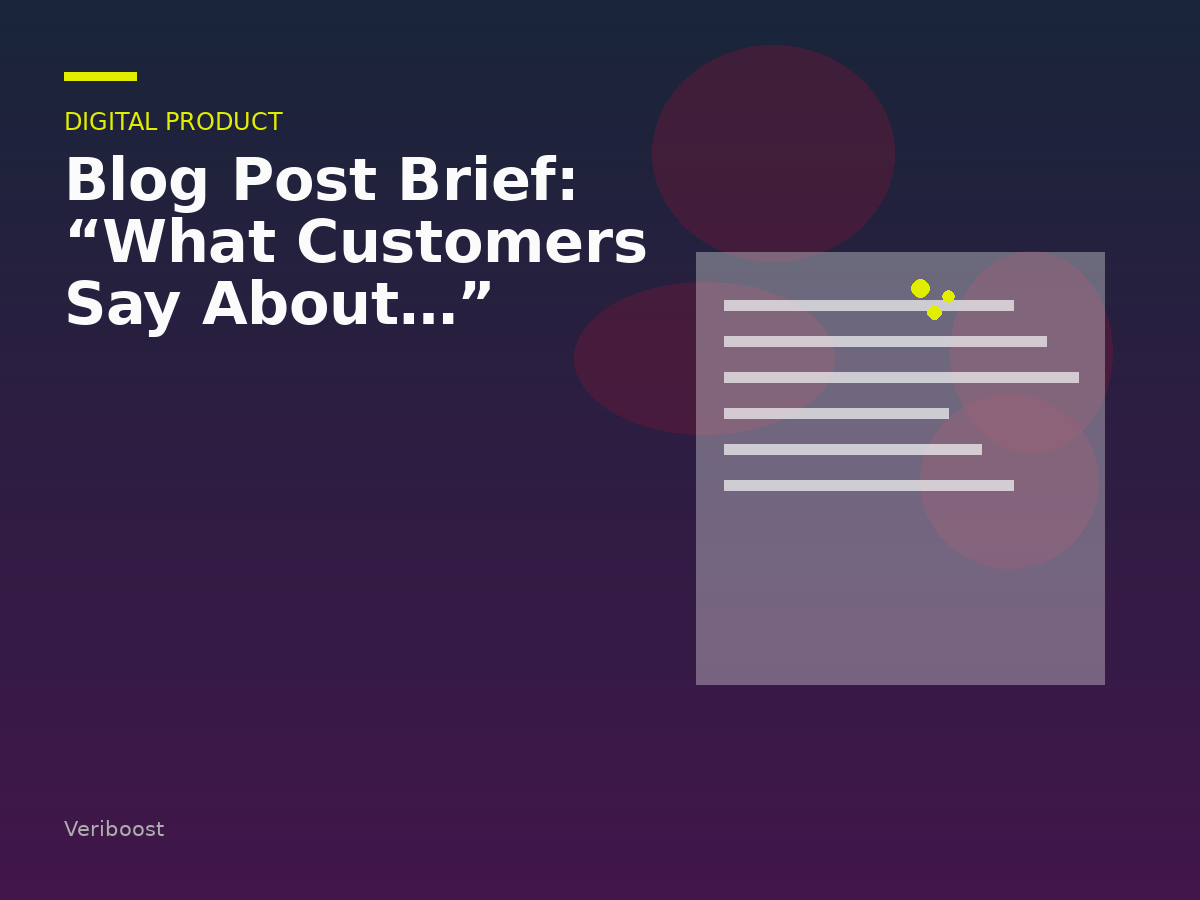 Blog Post Brief: “What Customers Say About…”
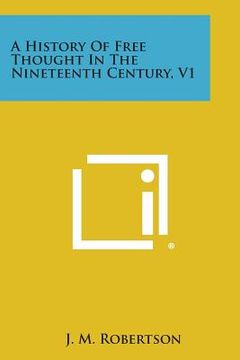 portada A History of Free Thought in the Nineteenth Century, V1 (en Inglés)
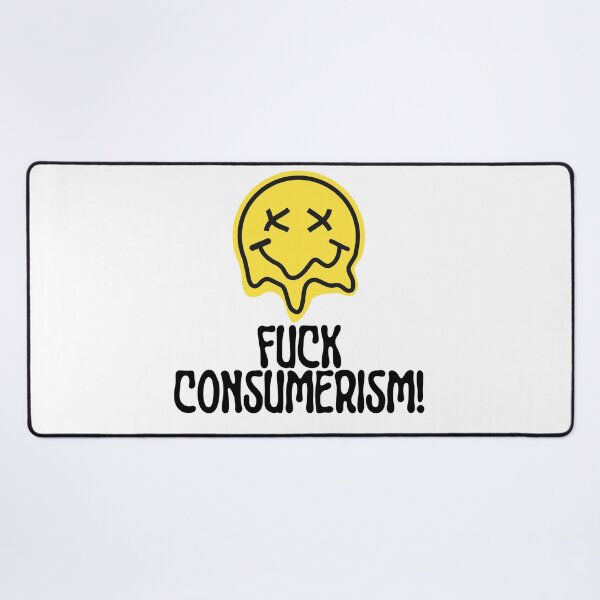 Item preview, Fuck Consumerism - Anti Consumerism designed and sold by TrippyHistory.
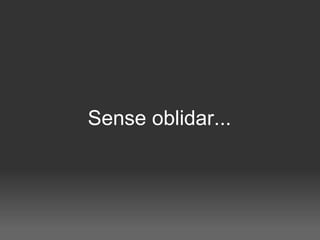 Sense oblidar...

**Exercise directions:**
Reproduce every line of the material above, but drop the pictures.

**Exercise answer:**
 Blog Post Brief: “What Customers Say About…”
 portada A History of Free Thought in the Nineteenth Century, V1 (en Inglés)
 Item preview, Fuck Consumerism - Anti Consumerism designed and sold by TrippyHistory.
 Sense oblidar...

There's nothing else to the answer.